Start of Data records
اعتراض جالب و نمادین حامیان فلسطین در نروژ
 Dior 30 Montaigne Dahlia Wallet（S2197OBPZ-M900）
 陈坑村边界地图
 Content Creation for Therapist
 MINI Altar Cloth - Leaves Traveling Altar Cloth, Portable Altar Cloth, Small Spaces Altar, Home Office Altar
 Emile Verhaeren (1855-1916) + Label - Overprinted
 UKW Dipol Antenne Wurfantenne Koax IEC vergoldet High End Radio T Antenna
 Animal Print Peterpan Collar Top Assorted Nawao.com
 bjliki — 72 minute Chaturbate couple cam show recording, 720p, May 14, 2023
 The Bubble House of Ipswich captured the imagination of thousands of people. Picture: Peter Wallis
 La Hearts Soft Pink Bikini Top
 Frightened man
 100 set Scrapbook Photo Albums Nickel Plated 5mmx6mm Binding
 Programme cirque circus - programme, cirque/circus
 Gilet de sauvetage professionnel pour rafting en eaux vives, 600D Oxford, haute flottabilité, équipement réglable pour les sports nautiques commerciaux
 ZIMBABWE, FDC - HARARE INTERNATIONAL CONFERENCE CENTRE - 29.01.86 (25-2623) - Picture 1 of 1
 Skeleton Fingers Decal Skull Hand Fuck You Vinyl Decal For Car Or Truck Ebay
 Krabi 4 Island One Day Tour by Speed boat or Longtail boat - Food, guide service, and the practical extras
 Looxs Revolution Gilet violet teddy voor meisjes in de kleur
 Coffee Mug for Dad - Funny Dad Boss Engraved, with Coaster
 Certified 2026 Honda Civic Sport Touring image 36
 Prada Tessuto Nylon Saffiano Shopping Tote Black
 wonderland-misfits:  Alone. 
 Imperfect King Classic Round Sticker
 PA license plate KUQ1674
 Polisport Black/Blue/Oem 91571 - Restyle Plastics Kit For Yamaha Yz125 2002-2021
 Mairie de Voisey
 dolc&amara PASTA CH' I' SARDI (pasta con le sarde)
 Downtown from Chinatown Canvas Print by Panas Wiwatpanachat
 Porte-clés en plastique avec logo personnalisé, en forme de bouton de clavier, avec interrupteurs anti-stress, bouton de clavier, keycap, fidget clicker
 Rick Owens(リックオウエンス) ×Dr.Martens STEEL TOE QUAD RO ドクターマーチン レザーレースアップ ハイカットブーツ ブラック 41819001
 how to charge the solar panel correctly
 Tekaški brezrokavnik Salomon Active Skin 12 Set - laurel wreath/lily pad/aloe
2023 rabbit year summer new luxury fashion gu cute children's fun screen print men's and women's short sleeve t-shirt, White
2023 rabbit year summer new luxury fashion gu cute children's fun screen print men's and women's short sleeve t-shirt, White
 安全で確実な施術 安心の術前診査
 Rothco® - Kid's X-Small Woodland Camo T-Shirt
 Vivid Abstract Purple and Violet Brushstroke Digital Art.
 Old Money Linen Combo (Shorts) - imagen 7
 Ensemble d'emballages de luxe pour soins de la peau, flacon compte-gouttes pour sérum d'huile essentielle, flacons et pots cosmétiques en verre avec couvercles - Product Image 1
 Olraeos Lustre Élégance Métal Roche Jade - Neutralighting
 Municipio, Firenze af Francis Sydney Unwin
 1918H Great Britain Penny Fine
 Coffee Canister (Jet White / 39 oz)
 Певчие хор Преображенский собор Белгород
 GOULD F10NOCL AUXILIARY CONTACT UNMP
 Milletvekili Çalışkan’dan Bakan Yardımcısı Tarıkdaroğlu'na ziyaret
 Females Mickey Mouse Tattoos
End of Data records
Look through the entries above, and wherever a line holds the word "avec", copy it.

Result for this task:
 Porte-clés en plastique avec logo personnalisé, en forme de bouton de clavier, avec interrupteurs anti-stress, bouton de clavier, keycap, fidget clicker
 Ensemble d'emballages de luxe pour soins de la peau, flacon compte-gouttes pour sérum d'huile essentielle, flacons et pots cosmétiques en verre avec couvercles - Product Image 1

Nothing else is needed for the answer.